Un autre constituant envisageable pour la charge minérale est un semi- conducteur à large bande interdite tel que le carbure de silicium SiC, en particules telles que décrit ci-dessus en référence au ZnO dopé.
La matrice est formée de façon appropriée d'une composition polymère convenant pour réaliser des surmoulages pour appareils électriques moyenne ou haute tension. Une telle composition peut être choisie dans la famille des élastomères et des résines thermodurcissables. A titre d'exemple d'élastomère, on peut citer l'EPDM (éthylène-propylène-diène). Comme résine appropriée, on citera les silicones et les résines époxy. On peut aussi utiliser des polymères thermoplastiques tels que le polyéthylène ou le polyméthacrylate de méthyle. Le choix de la composition polymère sera fait par l'homme de métier en fonction des éléments propres à chaque cas d'espèce, notamment : tension de service, géométrie de l'appareil sur lequel le surmoulage est à former et forme extérieure du surmoulage, conditions ambiantes (température, hygrométrie).

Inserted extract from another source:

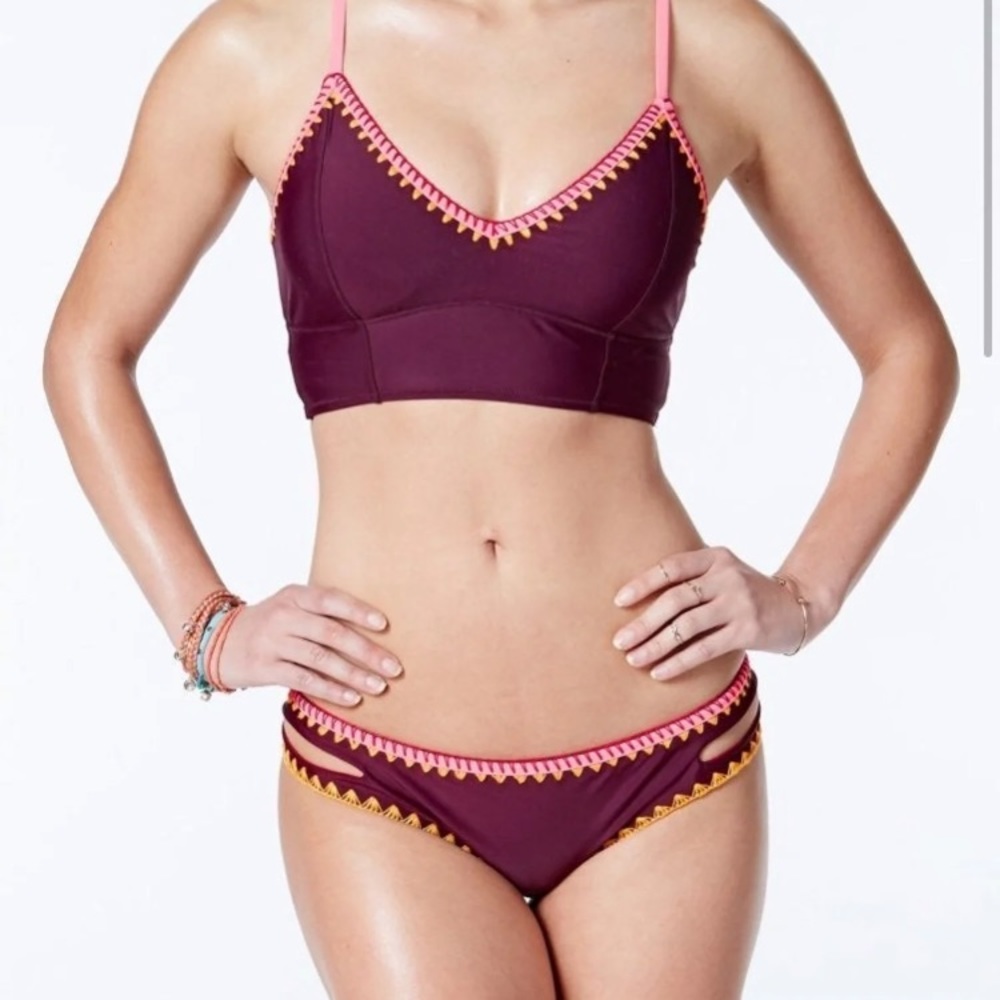 Jessica Simpson top with Kona sol bottom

La proportion de charge minérale est comprise de façon appropriée entre 15 et 30% en volume. Une proportion comprise entre 15 et 20% en volume, de préférence de l'ordre de 18% en volume, apparaît comme convenable au regard des différentes exigences à satisfaire. Au total, un matériau de surmoulage comprenant environ 18% en volume d'une poudre de ZnO dopé, d'une granulométrie de 50 à 200 μm, dispersée dans une résine thermodurcissable ou un élastomère, est un exemple de réalisation approprié pour réaliser un surmoulage sur un appareil moyenne tension tel qu'un disjoncteur moyenne tension.

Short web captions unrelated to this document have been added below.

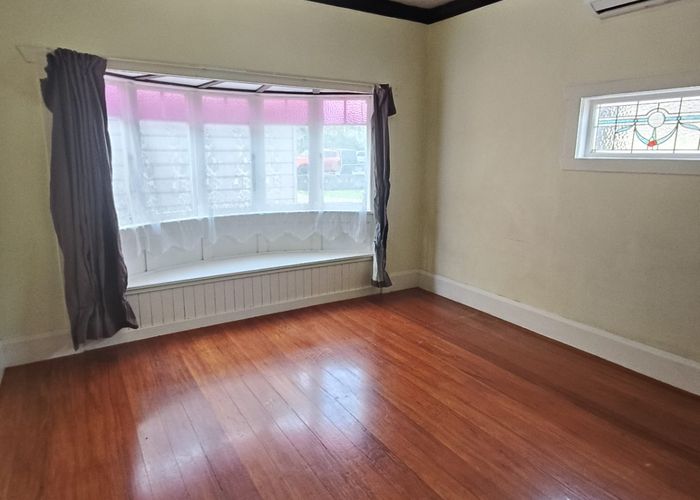  at 2/14 Panorama, Mount Wellington, Auckland City, Auckland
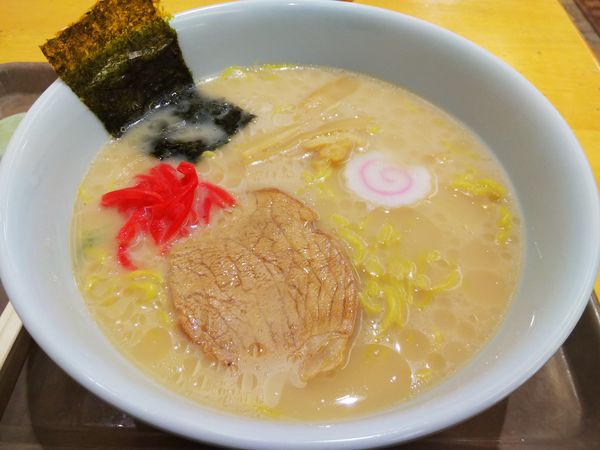 「とんこつラーメン　＋紅ショウガ：無料」@ラーメンはるちゃんの写真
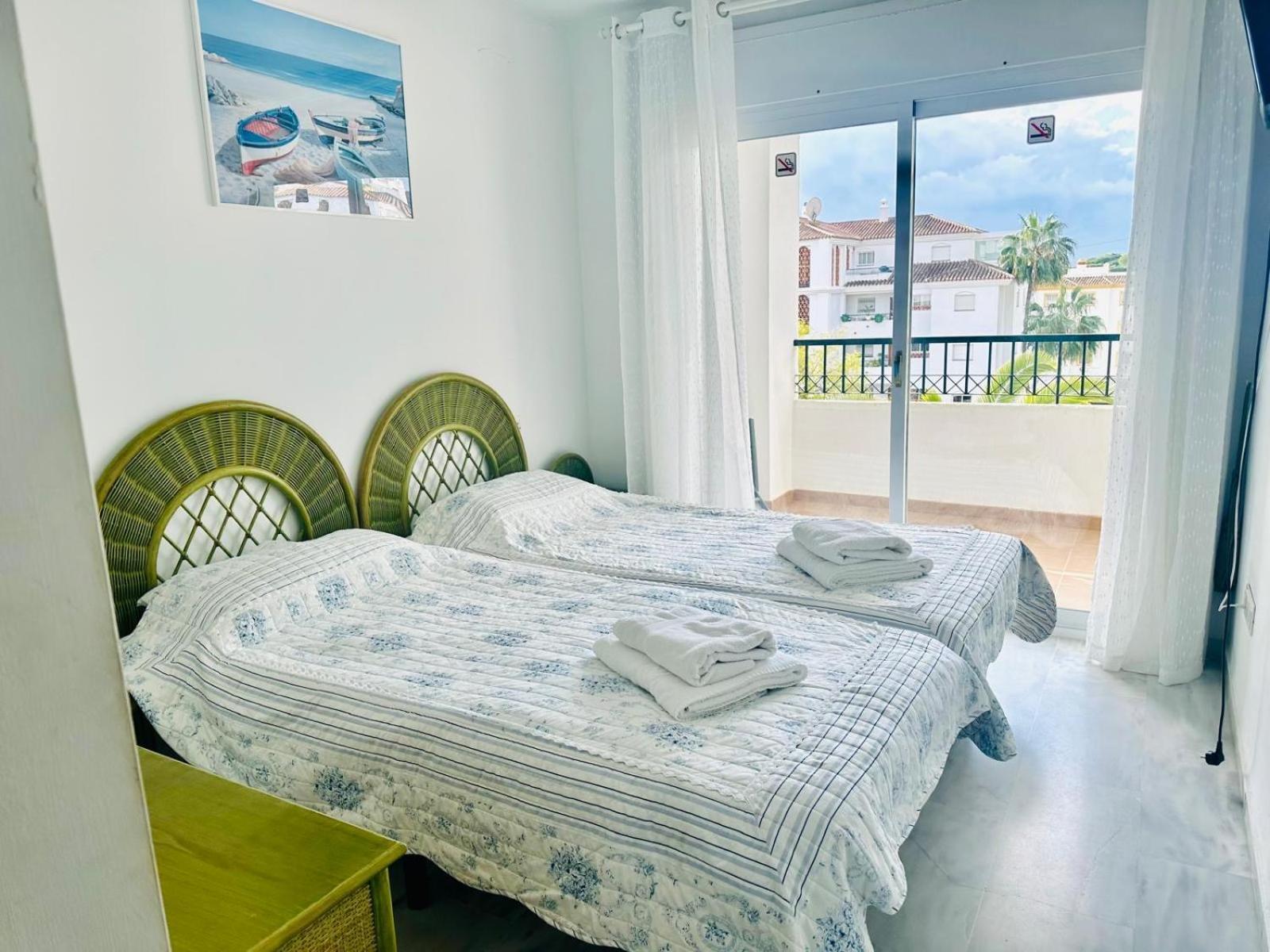 Apartment Lovely Apartment, Grancalahonda By Holidays2rent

La figure 3 représente schématiquement un disjoncteur moyenne tension dont l'organe de coupure est une ampoule à vide désignée dans son ensemble par la référence 10. L'ampoule à vide comporte un boîtier 11 de forme généralement cylindrique à l'intérieur duquel sont disposés un contact fixe 12 et un contact mobile 13, ce dernier étant déplaçable pour s'écarter du contact fixe, comme représenté sur la figure 3 A, pour réaliser la coupure. Des éléments conducteurs 14 et 15 reliés respectivement au contact fixe 12 et au contact mobile 13 passent à travers des ouvertures ménagées dans les parois
d'extrémité respectivement 16 et 17 du boîtier 10, l'élément conducteur 15 étant mobile en translation pour déplacer le contact 13 et relié à un organe d'actionnement, non représenté. Un soufflet 18 est disposé autour de l'élément conducteur mobile 15 pour assurer la tenue sous vide de l'espace intérieur du boîtier 10.

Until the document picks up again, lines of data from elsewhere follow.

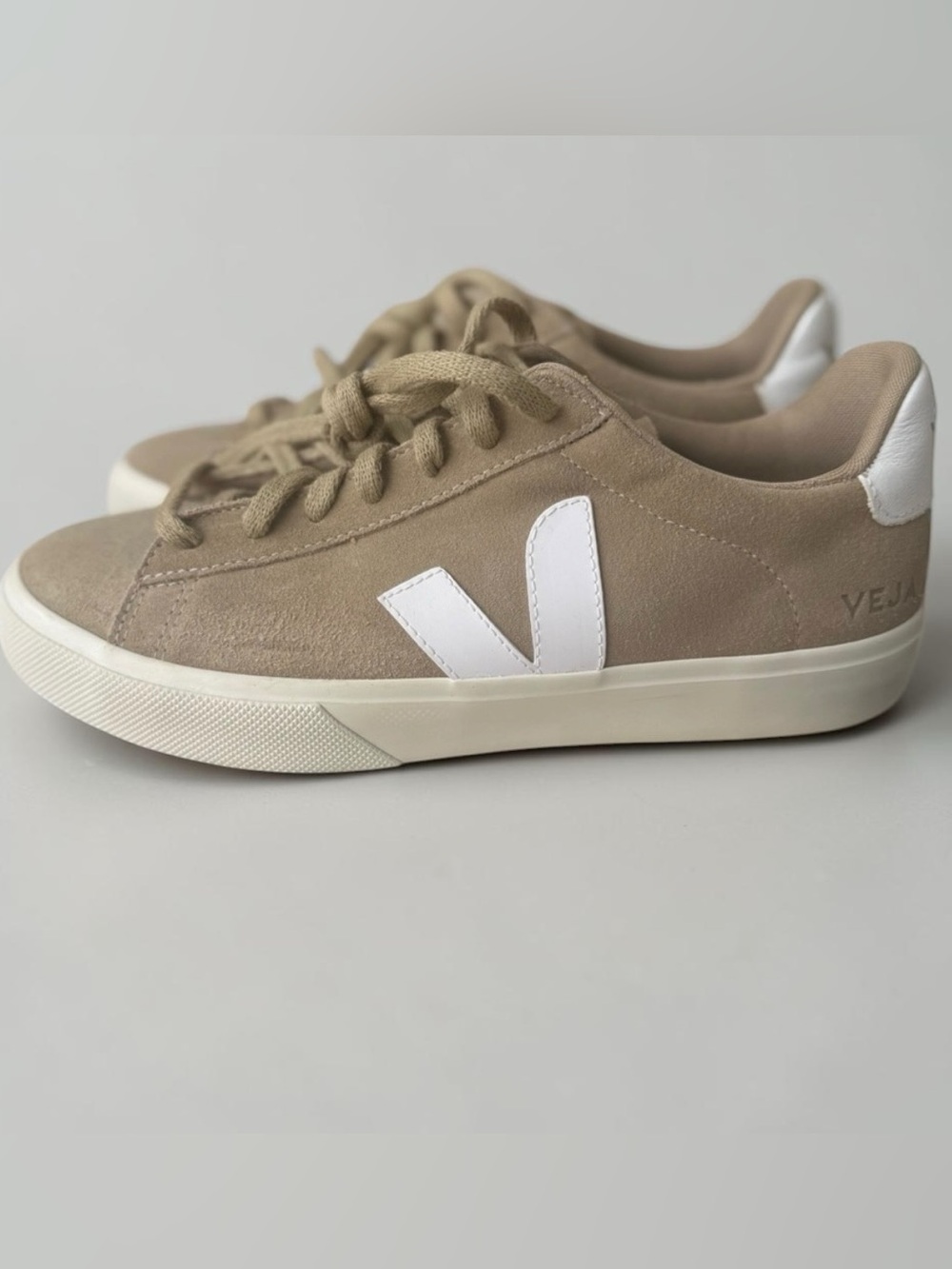 VEJA Men's Campo Low Top Leather Sneakers - Color Campo - NWOB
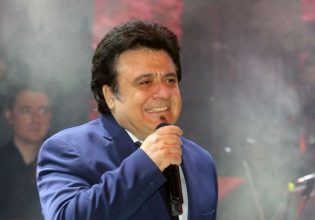 Βασίλης Τερλέγκας: Νέο video από την επίθεση που δέχθηκε ο τραγουδιστής ενώ τραγουδούσε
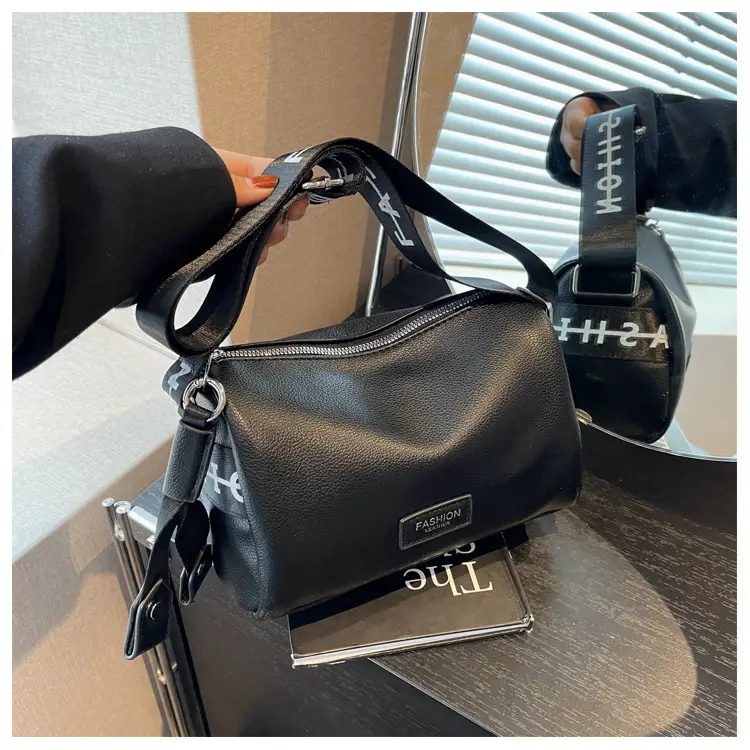Women's Crossbody Bag Black White 2025 Niche Design — feature 24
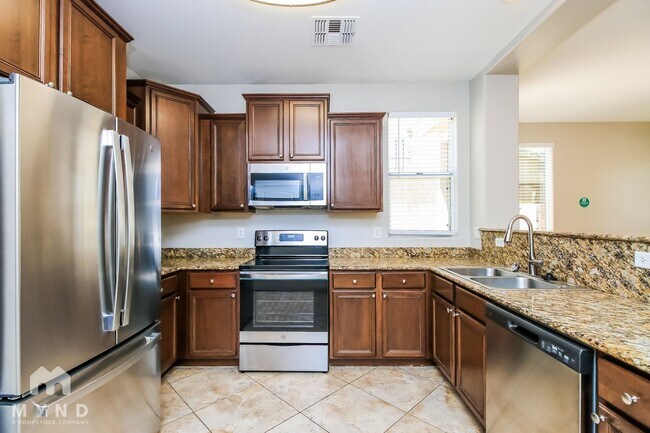 Foto del edificio - 4253 E Tyson St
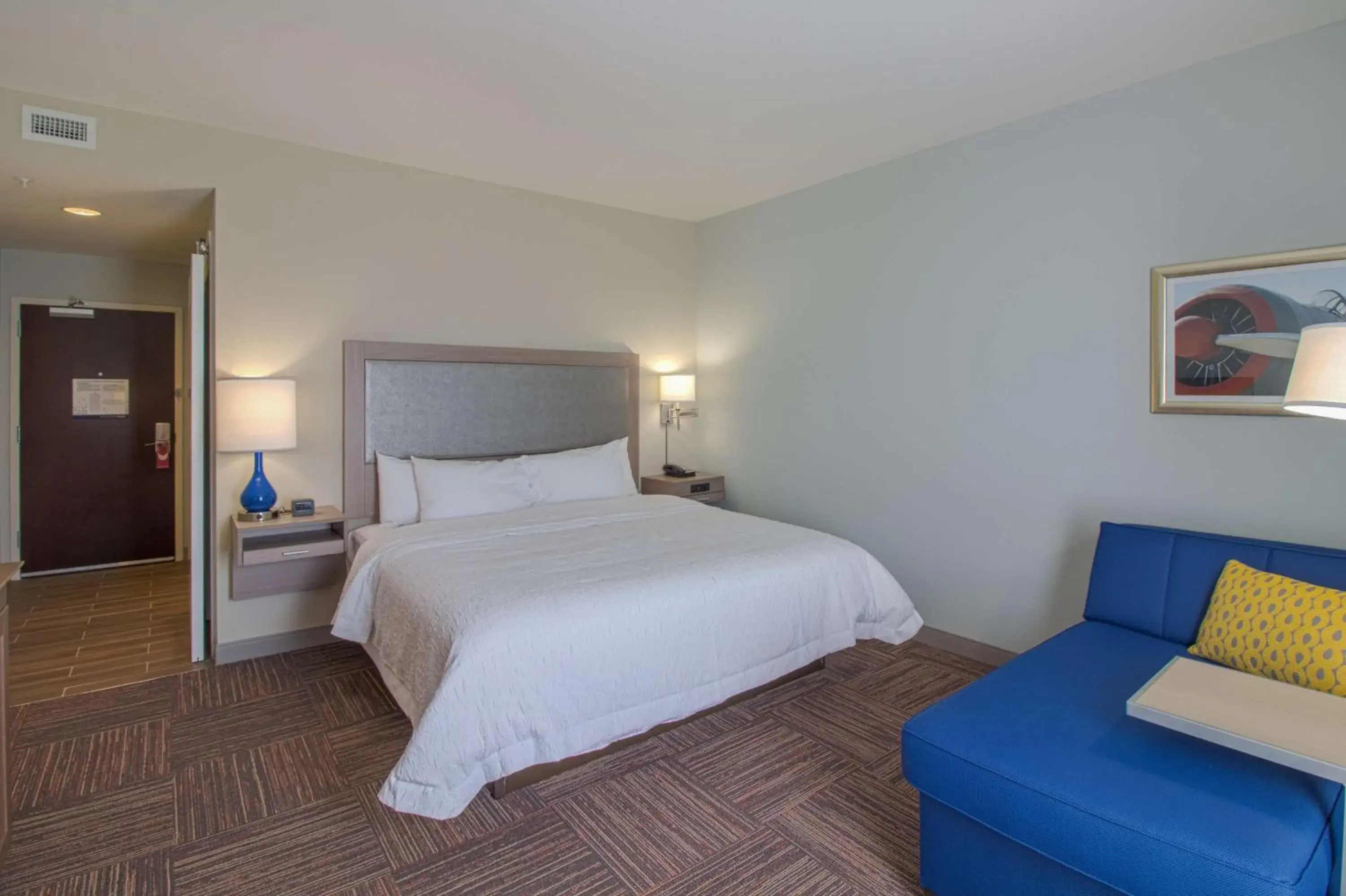 King Room - Non-Smoking in Hampton Inn Crestview South I-10, Fl King Room - Non-Smoking in Hampton Inn Crestview South I-10, Fl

Dans la position de coupure représentée, une tension élevée existe entre les éléments conducteurs 14 et 15 et il importe d'assurer l'isolation électrique entre eux .
Le boîtier 10 est enrobé dans un surmoulage qui, dans l'exemple de réalisation de la figure 3, est constitué de façon homogène d'un matériau isolant tel que défini plus haut, à savoir une poudre de ZnO dopé dispersée dans une matrice telle que silicone ou résine thermodurcissable.
Le disjoncteur tel que décrit présente l'avantage sur les appareils connus de ne pas contenir de gaz isolant SF6. Il est en outre de réalisation très compacte.
Il est envisageable d'enrober un surmoulage tel que décrit ci-dessus dans un second surmoulage constitué d'une résine appropriée telle qu'une résine époxy.